The largest insurer of mortgages in the world, the Federal Housing Administration, has announced that new mortgage borrowers should prepare to pay more for their mortgages, because changes are coming (again).
As they announced last year around this time, the FHA is raising rates once more, this time by 10 basis points (0.1%) on nearly all new mortgage loans insured by the government agency.
But more drastic will be the requirement that borrowers pay the FHA premium for the entire life of the loan, instead of ceasing to charge once borrowers have paid their loan down to 78% of the home's value.
Consider an example: Helen Homebuyer wants to buy her first house. Helen puts a home under contract for $200,000 (the current median U.S. real estate sales price is $202,100), and has saved up the 3.5% down payment she needs ($7,000 down, $193,000 loan), plus the $13,000 she will need for closing costs. She has to pay an additional 1.75% of the loan amount to the FHA as an up-front fee ($3,378), and now she will pay an annual premium to FHA of 1.35% of the loan ($2,606/year). But instead of paying $2,606/year for only the first 5 years (as currently required), she will have to pay all 30 years of her loan – that means she will pay $81,543 to the FHA for the life of her loan, instead of $16,405. Put differently, she will have to pay the $217/month FHA insurance premium for not just the first 5 years, but all 30.
This time last year, before their last round of rate hikes in Spring 2012, she would have paid $1,930 up front (instead of $3,378), then $2,413/year for the first 5 years (instead of $2,606), or $13,993 (instead of $81,543) for the total FHA fees for the loan.
First-time homebuyers are especially critical to boosting real estate markets because they add to the net demand for homes.
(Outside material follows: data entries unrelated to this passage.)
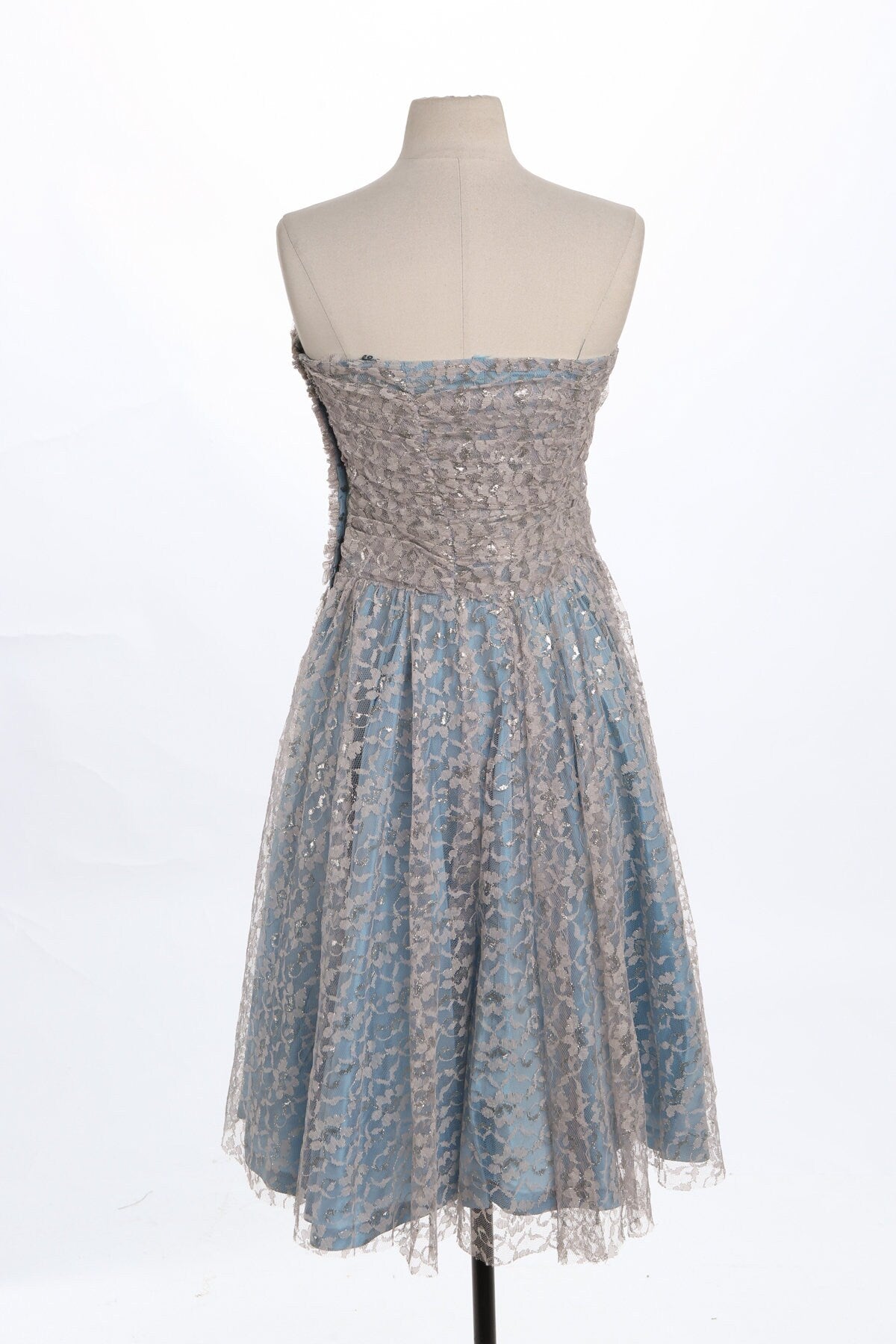 50's Ball Gown Blue Lace Dress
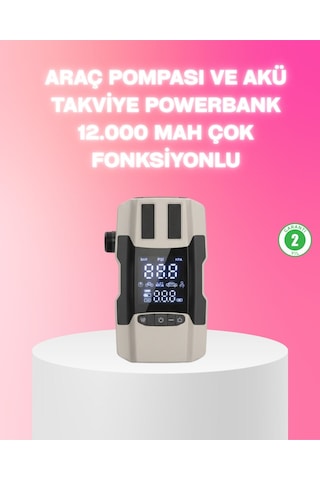 Araç Hava Pompası Ve Akü Takviye Powerbank 12.000 Mah Çok Fonksiyonlu Cn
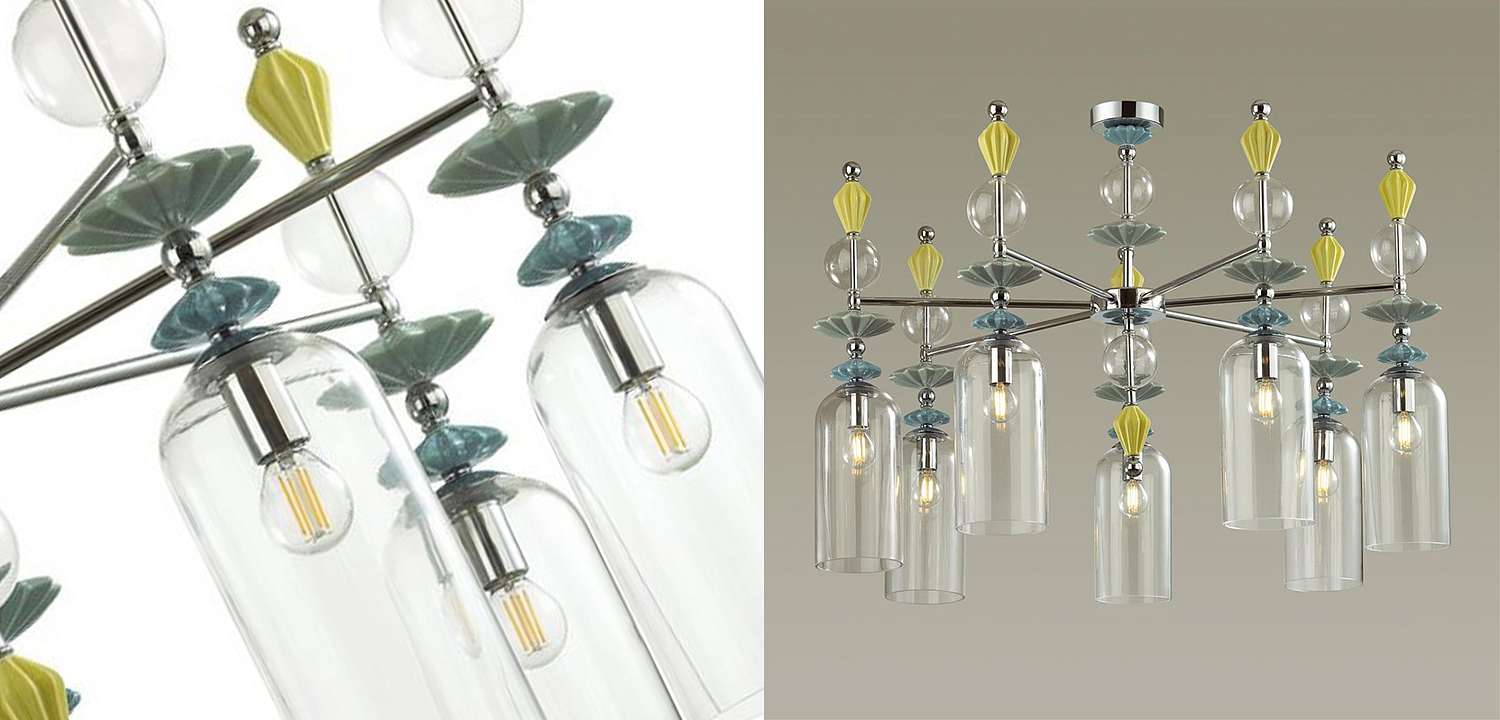 Люстра Iris Glass Chandelier candy 7 chrome Люстра Iris Glass Chandelier candy 7 chrome - Loft-Concept в Саратове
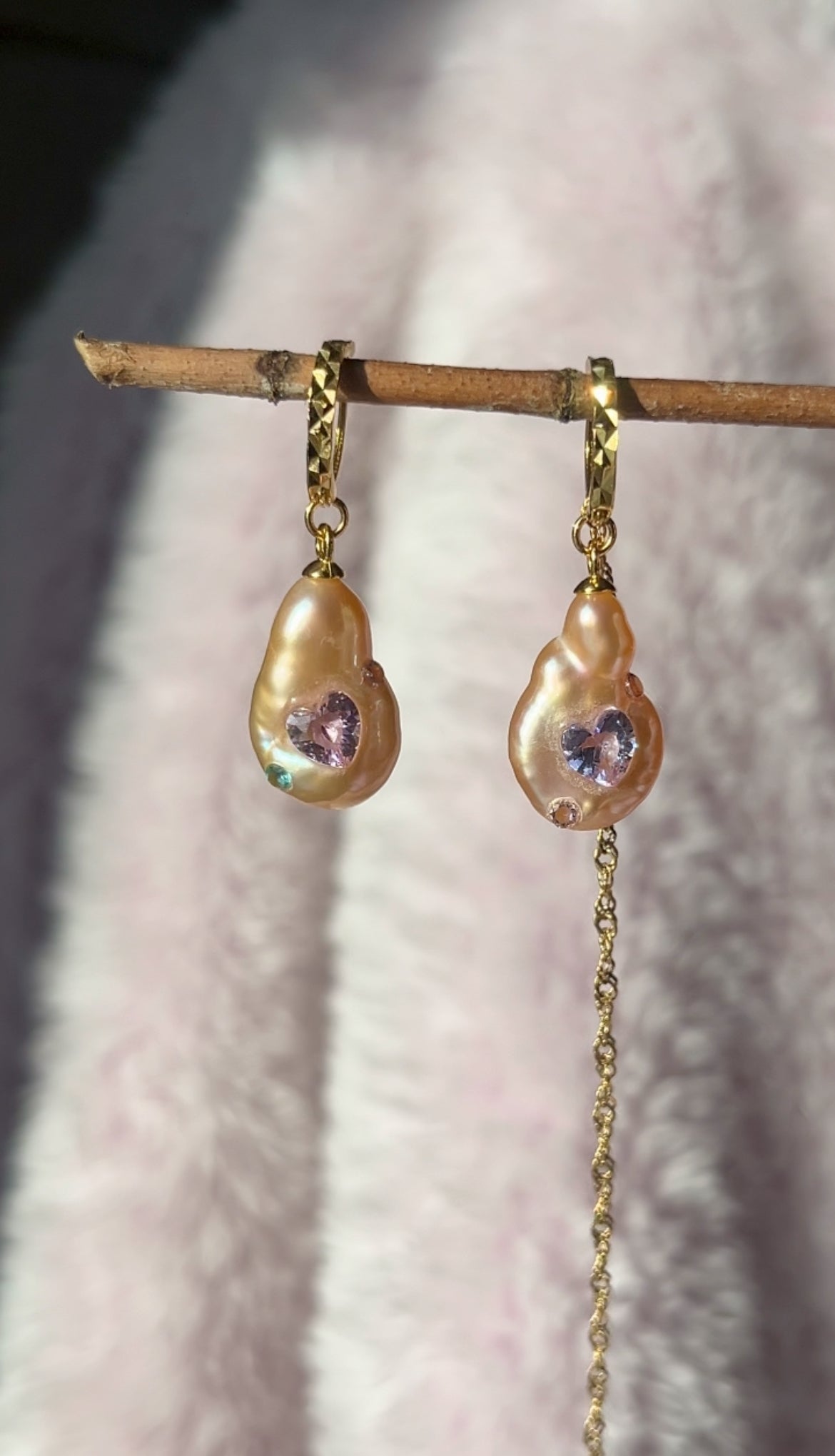 Pink Baroque Freshwater Pearl Earrings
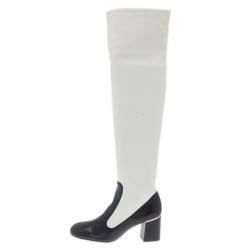 Pre Owned Celine Two Tone Leather Over The Knee Boots Size 38.5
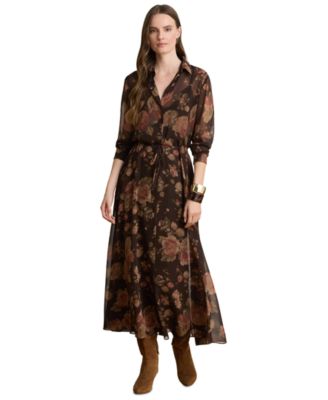Petite Graceful Chiffon Floral A-Line Long-Sleeve Dress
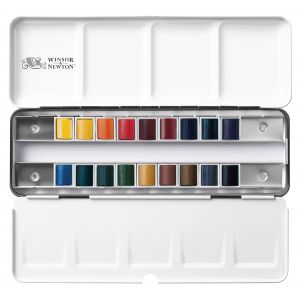 Boîte d'aquarelle extra-fine - 18 demi-godets + 6 vides - Winsor et Newton - aquarelle qualité professionnelle, pigmentation éle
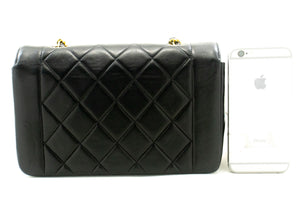 CHANEL Diana Flap Chain Shoulder Bag Black Quilted Lambskin Purse p33 hannari-shop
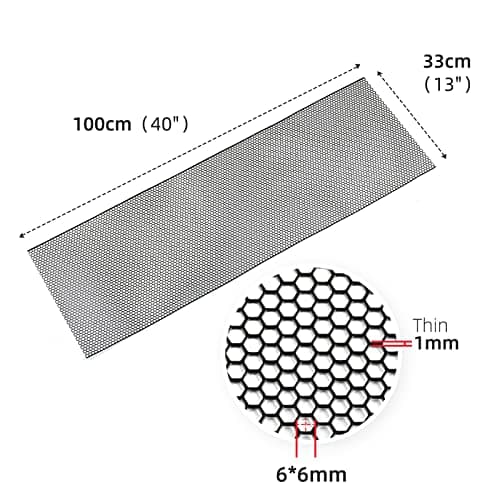 AggAuto Universal 40 inchx13 inch Car Grill Mesh - Aluminum Alloy Automotive Grille Insert Bumper Honeycomb Hole 6mm Spacing 1mm, One of the Most Multifunctional Shape Grids 100x33cm Black — view 2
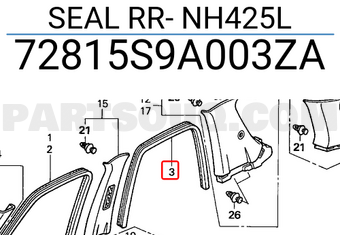 Honda 72815S9A003ZA SEAL RR- NH425L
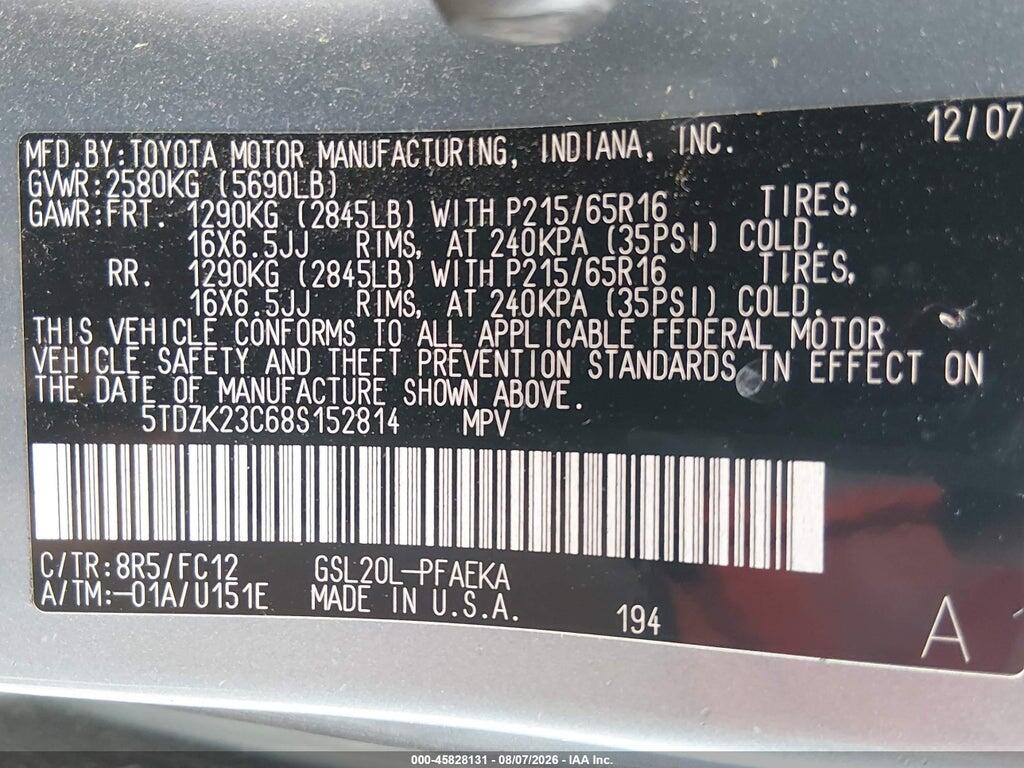 5TDZK23C68S152814 2008 TOYOTA SIENNA photo no. 9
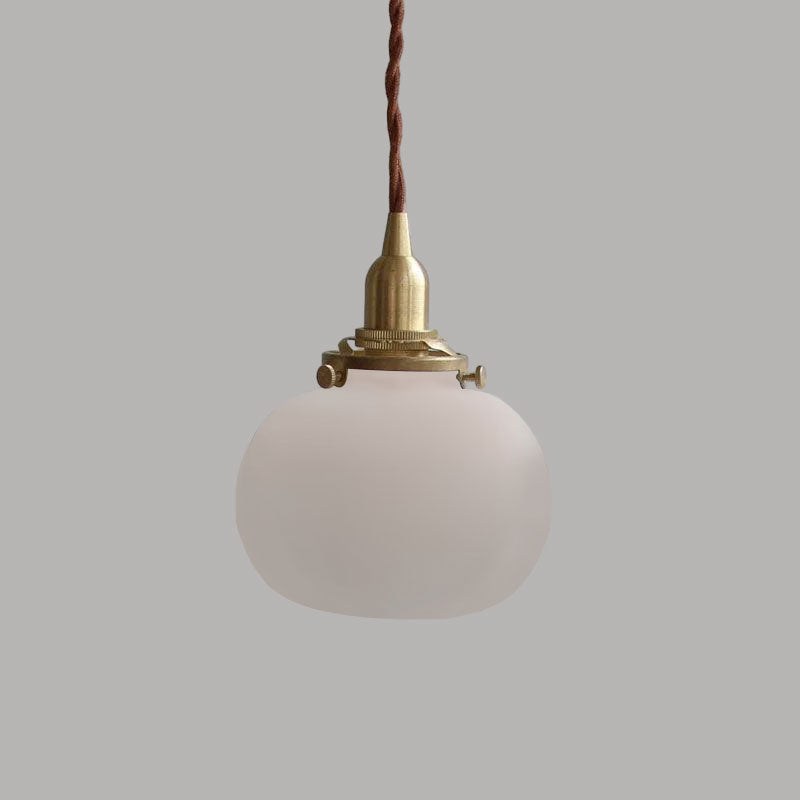 Lámpara colgante pequeña de cristal Canica – blanco mate
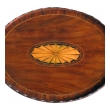 a handsome english george III style oval inlaid tray on stand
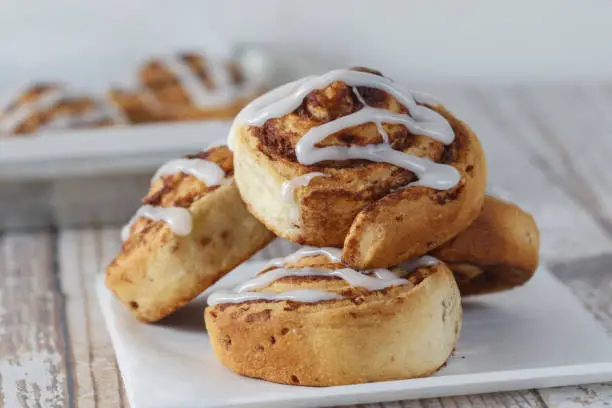 fresh baked cinnamon rolls with icing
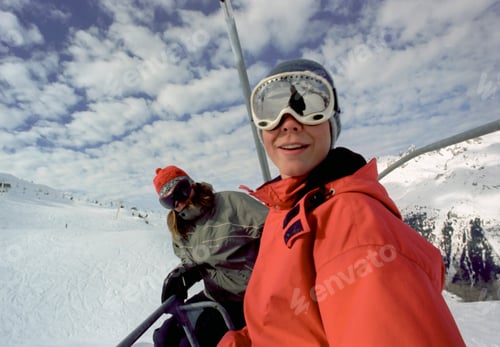 Preview: Couple riding on chair lift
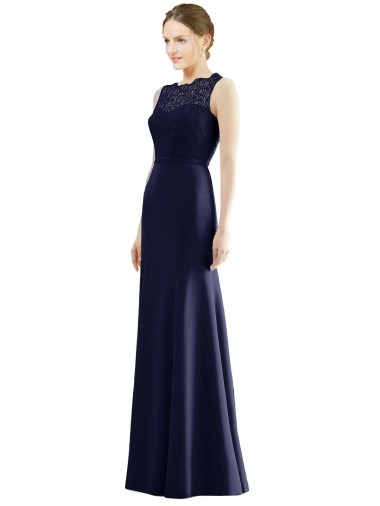 Sleeveless Illusion Neck Soft Chiffon & Lace Mermaid Bridesmaid Dress Newcastle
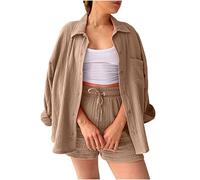 2 Piece Outfits Women Summer Muslin Blouse Shirt and Shorts Two Piece Outfit Co Ord Sets Ladies Lounge Wear Sets Leisure Suits Track Suits Aesthetic Clothes for Going Out Holiday Beach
When an existing homeowner sells his house and buys another, it is a net-neutral transaction for consumption of homes, but first-time homebuyers are not adding to the supply by selling, they only add to the demand side.
The FHA asserts that these new fee requirements are necessary to boost reserve coffers that were strained by all of the borrower defaults during the Great Recession and its aftermath. In other words, says the FHA to Helen Homebuyer: “Your parents didn't pay their bills, so you will pay more to buy your first house.” And by more they mean $81,543 instead of $13,993.
In an additional change, the FHA now requires that borrowers with debt-to-income ratios above 43% and credit scores below 620 must have their loans manually underwritten by the Administration. Alas, if this policy had been implemented a few years ago, perhaps they would not need to keep hiking fees and making it more expensive and difficult for legitimate, responsible borrowers to become homeowners.